Infected wound healing model
An intraperitoneal injection of 1% pentobarbital sodium (10 mL/kg) was used to induce general anesthesia on 4-week-old male Sprague-Dawley rats (n = 4) before conducting any surgical procedures. After shaving and disinfecting the dorsal area with 75% ethanol, a pair of circular full-thickness skin wounds, each 2 cm in diameter, were created by resecting along markings drawn with a pen. A concentrated suspension of Staphylococcus aureus was applied to the wound and recorded as day 2. The wound was examined after 48 h, recorded as day 0. If the wound exhibited suppuration, the model was considered successful. The wounds were assigned to two groups: ApoEVs-AT@MNP group (left); and blank group (right). ApoEVs-AT@MNPs were inserted in the relevant group on days 0 and 8, and covered with a transparent dressing (Fig. 1B). The blank group was subcutaneously injected with 100 µL of PBS around the wounds on days 0 and 8. The wounds were photographed digitally on days 0, 4, 8, 12, and 16. ImageJ 1.53a software was used to measure the wound areas. On days 8 and 16, the rats were euthanized (n = 3 per time point) through an overdose of anesthesia, and the tissue specimens were collected for additional analysis.
Histology and IF staining
For histological evaluation, wound tissues collected on days 8 and 16 were subjected to fixation with paraformaldehyde (4%, Biosharp, USA) overnight. A gradient of ethanol was then used to dehydrate the samples, which were cleared in xylene, followed by their embedding in paraffin and cutting into sections of 6 μm thickness. The obtained sections were then subjected to staining with hematoxylin and eosin (H&E) (Solarbio, China) and Masson’s trichrome stain (Baso, China). The stained sections were examined using optical microscopy (Olympus, Japan).
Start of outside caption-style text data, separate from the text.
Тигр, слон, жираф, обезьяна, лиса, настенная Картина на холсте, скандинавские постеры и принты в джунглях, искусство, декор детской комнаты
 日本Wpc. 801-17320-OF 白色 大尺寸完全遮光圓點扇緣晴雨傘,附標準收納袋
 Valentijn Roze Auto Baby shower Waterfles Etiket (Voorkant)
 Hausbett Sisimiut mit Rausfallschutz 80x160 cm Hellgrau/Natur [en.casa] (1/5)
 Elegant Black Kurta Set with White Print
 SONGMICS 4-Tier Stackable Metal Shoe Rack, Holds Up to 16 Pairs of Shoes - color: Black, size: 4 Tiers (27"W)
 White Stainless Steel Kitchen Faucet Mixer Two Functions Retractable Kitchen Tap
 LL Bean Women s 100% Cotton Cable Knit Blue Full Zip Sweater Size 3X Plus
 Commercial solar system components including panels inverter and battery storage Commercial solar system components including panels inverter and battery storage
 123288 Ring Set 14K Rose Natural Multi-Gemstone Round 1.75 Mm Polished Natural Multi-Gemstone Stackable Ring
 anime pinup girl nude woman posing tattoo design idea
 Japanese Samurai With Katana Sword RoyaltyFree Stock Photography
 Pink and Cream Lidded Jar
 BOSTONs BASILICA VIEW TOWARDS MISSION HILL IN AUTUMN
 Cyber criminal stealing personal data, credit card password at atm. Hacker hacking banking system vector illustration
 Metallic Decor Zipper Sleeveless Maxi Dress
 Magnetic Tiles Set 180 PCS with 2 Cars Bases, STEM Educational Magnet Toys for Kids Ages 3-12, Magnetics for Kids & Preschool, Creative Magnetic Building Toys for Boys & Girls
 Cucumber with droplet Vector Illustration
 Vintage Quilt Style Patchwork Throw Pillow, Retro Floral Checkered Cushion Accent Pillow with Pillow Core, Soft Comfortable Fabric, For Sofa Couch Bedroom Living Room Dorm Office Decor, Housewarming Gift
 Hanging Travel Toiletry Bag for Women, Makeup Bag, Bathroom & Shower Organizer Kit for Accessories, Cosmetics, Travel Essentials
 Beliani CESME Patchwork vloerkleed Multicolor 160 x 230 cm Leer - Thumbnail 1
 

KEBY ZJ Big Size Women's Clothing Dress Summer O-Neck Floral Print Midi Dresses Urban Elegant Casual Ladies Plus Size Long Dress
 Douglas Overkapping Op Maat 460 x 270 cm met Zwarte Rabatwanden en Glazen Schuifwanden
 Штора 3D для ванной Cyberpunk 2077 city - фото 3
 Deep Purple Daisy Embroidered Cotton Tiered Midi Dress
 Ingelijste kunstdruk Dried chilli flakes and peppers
For a further assessment of the specific structure of the specimens, 5% bovine serum albumin (BSA, Sigma-Aldrich, USA) was used to block the sections near the center of the wound at room temperature for 2 h. They were then allowed to incubate overnight with primary antibodies at 4 °C. Primary antibodies, Perilipin A (1:200, Abcam, ab3526) and CD31 (1:200, Abcam, ab24590), were respectively employed to mark adipocytes and blood vessels. Primary antibodies, collagen 1 (Col 1, 1:200, Abcam, ab270993), alpha-smooth muscle actin (α-SMA, 1:200, Abcam, ab5694), and collagen 3 (Col 3, 1:200, Abcam, ab184993), were utilized to mark various kinds of fibers. Subsequently, the secondary antibodies, goat anti-rabbit 555 (1:200, Invitrogen, A21428) and goat anti-mouse 488 (1:200, Invitrogen, A11008), were subjected to incubation for 1 h at 37 ℃. DAPI (1:1000, Solarbio, C0050) was then employed to mark the nuclei at room temperature for 5 min. Images were captured by CLSM (Olympus, FV1200, Japan) and ImageJ 1.53a software was employed for their analysis (n = 3).
Statistical analysis
Each experiment was repeated independently at least three times to ensure the reproducibility of the data. All numerical data are presented as means ± SD. Statistical significance was analyzed using GraphPad Prism 9.0.0 software. Paired and unpaired t-tests and one-way and two-way ANOVA were used to assess significant differences. A value of p < 0.05 was considered statistically significant. Statistical significance: *p < 0.05, **p < 0.01, ***p < 0.001. ****p < 0.0001.